The doctor explains why and when to wear a mask according to CDC guidelines | Instant News

That Centers for Disease Control and Prevention has changed its policy and is now advising everyone, whether they have symptoms of COVID-19, to cover their faces with masks or cloth whenever social distance is difficult to maintain. For more details, the CDC does not say you have to wear a mask wherever you go, but in places where people gather, including grocery stores and public transportation and rides.

The shift in recommendations reflects growing evidence that COVID-19 can be transmitted through breathing and normal speech but also the fact that people do not effectively cover their sneezing and coughing.

Stealth virus

The middle name COVID-19 must be “hidden”. People can lose virus for one to three days before showing any symptoms – including no coughing, sneezing, or fever – in what is called “presymptomatic transmission.” A Singapore study shows that 10% of infections are caused by asymptomatic spread.

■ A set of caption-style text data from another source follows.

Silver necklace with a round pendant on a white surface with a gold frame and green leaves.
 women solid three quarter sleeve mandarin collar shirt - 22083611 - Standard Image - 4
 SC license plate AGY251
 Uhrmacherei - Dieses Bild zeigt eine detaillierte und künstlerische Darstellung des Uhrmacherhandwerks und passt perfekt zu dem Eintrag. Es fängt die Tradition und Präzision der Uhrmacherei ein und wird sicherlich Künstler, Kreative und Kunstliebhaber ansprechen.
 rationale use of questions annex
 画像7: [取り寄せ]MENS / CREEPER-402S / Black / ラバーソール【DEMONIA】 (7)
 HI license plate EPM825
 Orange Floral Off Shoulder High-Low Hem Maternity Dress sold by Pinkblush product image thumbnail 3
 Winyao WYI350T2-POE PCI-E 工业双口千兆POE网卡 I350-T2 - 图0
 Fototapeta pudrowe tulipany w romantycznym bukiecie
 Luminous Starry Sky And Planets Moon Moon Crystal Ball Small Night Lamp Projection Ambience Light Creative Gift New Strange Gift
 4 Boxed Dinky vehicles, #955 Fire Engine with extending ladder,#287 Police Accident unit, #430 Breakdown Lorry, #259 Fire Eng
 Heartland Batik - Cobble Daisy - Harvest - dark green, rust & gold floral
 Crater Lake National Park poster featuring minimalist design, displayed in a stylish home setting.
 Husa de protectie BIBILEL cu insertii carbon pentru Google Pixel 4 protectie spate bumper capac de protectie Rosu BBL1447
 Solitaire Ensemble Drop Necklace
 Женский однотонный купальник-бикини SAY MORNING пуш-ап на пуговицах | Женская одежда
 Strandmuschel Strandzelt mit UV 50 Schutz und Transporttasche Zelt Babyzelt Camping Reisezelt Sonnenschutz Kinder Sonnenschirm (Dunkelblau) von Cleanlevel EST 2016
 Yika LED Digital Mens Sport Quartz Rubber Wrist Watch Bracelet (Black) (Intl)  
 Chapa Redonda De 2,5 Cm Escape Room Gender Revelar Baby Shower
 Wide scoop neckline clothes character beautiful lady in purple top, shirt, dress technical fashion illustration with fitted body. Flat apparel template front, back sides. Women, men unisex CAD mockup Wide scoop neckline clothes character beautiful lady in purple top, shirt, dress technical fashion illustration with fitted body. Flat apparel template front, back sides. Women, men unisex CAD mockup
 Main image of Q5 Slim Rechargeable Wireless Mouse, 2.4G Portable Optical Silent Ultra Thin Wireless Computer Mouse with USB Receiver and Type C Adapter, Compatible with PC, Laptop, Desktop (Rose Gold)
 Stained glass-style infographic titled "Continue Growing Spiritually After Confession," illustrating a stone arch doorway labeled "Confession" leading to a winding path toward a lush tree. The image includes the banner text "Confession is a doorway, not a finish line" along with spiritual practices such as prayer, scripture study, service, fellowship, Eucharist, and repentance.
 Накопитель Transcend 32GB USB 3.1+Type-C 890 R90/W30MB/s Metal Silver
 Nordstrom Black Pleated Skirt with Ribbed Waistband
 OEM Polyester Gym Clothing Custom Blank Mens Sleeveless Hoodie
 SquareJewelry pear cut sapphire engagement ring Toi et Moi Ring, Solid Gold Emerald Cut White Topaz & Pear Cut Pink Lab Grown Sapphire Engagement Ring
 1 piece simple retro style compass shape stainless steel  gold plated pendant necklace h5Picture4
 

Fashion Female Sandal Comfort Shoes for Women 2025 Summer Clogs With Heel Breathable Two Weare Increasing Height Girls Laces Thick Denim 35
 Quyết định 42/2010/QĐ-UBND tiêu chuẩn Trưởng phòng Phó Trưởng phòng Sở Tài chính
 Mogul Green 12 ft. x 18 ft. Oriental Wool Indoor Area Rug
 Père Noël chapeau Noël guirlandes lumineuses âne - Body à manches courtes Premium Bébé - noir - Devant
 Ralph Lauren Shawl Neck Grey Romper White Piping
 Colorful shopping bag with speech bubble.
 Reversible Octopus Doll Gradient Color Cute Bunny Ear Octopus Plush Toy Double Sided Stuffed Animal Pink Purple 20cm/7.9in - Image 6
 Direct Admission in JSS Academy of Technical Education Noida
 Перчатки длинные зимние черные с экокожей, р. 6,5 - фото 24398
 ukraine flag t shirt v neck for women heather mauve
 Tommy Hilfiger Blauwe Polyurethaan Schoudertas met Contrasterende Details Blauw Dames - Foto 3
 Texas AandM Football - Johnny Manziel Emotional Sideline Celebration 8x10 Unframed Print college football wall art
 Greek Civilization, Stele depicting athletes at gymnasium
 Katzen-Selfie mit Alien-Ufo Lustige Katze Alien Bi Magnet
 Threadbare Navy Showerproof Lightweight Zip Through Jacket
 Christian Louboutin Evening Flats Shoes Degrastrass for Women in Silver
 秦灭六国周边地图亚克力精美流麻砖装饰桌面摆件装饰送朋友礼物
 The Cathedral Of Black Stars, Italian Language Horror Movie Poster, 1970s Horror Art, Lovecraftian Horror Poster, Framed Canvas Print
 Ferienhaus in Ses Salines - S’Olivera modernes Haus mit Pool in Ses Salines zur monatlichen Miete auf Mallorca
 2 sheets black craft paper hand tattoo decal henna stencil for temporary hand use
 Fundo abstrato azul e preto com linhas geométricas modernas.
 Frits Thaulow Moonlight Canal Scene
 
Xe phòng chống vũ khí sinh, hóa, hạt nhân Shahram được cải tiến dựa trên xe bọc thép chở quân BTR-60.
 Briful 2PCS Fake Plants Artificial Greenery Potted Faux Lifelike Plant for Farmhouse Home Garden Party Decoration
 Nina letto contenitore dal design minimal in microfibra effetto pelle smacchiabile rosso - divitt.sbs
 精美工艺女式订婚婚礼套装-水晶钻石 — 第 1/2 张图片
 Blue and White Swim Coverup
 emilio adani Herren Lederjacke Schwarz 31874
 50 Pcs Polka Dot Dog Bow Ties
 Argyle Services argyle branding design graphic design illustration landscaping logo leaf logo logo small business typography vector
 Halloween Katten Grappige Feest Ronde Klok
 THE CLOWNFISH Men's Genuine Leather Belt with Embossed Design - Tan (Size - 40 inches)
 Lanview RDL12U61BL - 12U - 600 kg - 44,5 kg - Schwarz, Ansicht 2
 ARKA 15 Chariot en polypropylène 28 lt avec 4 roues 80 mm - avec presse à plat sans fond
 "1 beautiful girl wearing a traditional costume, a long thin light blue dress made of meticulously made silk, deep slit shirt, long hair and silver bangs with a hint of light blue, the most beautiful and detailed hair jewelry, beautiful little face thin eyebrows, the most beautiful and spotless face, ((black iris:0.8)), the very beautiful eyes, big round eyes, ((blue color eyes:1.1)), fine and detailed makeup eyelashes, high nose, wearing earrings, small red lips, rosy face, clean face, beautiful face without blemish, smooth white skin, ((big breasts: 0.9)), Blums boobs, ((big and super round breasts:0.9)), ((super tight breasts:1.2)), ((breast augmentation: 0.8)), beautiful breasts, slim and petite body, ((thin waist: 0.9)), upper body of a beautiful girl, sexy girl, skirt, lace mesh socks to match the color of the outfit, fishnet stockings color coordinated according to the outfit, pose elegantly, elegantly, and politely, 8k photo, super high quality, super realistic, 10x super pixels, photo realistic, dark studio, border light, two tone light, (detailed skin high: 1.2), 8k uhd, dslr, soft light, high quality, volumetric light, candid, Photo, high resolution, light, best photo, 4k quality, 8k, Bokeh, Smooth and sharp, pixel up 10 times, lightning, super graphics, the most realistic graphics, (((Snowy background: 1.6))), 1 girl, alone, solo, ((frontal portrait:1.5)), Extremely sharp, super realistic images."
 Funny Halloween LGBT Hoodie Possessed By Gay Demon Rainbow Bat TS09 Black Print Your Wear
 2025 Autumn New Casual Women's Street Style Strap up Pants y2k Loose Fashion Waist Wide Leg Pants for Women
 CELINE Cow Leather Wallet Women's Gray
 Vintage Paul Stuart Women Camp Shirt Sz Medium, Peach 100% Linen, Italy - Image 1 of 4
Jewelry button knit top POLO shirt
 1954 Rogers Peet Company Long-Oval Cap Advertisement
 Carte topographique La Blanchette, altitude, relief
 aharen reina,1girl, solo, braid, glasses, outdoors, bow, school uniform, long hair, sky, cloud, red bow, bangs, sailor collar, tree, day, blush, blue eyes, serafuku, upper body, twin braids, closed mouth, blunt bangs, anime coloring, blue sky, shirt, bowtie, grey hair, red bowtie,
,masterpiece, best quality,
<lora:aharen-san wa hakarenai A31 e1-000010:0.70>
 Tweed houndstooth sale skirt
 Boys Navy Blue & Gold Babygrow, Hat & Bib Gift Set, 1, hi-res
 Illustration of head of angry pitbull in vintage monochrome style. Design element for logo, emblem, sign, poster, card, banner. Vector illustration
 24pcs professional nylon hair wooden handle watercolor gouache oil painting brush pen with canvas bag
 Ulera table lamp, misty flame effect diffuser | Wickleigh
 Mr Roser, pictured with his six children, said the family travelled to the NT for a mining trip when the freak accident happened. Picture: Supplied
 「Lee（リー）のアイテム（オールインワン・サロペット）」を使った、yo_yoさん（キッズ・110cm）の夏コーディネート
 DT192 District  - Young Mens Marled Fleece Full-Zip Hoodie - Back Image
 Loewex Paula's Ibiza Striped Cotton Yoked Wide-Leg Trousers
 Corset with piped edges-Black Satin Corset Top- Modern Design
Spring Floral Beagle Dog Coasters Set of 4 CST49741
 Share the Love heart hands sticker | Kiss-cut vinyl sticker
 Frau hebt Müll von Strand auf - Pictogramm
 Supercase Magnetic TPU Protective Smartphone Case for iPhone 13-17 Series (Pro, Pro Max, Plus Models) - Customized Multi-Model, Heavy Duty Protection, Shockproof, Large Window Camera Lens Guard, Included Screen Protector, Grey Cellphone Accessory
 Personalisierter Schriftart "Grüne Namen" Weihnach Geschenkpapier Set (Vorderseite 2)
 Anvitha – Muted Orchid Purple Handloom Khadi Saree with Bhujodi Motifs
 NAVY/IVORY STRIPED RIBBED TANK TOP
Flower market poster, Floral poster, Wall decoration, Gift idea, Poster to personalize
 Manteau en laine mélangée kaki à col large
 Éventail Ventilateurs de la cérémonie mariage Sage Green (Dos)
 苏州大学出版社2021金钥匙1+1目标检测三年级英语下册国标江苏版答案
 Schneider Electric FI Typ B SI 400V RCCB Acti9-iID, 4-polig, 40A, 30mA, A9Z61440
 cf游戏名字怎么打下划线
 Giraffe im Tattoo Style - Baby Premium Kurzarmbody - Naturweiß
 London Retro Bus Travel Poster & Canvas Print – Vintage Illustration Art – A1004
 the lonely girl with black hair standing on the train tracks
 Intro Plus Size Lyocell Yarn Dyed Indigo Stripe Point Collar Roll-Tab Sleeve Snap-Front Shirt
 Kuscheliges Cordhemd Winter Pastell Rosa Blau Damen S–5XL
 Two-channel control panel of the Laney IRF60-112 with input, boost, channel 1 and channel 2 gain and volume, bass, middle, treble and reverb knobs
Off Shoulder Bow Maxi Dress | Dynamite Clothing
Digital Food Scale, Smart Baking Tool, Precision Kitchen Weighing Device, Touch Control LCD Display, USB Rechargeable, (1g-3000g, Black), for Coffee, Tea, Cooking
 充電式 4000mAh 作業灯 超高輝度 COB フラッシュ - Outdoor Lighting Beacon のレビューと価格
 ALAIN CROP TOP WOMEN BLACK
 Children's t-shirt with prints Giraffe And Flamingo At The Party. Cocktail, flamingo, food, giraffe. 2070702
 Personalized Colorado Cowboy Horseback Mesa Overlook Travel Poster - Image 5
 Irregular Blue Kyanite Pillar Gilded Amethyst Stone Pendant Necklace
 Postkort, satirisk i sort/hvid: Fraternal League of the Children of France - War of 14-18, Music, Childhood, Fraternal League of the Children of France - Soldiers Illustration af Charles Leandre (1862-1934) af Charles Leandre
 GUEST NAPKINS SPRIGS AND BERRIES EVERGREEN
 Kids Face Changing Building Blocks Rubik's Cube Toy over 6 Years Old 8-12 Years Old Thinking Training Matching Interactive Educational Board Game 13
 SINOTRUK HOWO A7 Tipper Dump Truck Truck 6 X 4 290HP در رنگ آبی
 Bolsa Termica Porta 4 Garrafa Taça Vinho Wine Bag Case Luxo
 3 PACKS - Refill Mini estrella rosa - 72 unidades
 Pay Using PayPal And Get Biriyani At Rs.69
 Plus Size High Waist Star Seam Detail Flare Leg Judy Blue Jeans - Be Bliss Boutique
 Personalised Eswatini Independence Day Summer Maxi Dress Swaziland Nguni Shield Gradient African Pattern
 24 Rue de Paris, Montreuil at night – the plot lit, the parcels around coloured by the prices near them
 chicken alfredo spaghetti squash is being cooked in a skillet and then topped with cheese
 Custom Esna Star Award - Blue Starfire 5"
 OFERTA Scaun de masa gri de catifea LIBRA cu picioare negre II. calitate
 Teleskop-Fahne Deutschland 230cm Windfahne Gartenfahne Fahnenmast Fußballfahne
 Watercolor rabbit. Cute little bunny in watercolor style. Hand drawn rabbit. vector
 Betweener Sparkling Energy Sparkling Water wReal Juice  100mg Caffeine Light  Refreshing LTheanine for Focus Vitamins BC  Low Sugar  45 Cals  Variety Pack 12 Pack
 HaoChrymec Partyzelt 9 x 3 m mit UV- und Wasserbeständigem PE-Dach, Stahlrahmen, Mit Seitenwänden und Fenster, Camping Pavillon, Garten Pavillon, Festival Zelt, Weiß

A study of 3,711 passengers and crew on board Putri Intan cruises show that almost 1 in 5 COVID-19 operators have never experienced symptoms. Some of these people transmit the virus through “asymptomatic transmission.” The proportion of infected people who have never experienced symptoms can be more like one third for the general population who are younger and healthier than those used to cruise ships.

The ability of viruses to spread easily from one person to another is why people are asked to physically distance themselves from each other. But people still have to go to get important items in places where people gather.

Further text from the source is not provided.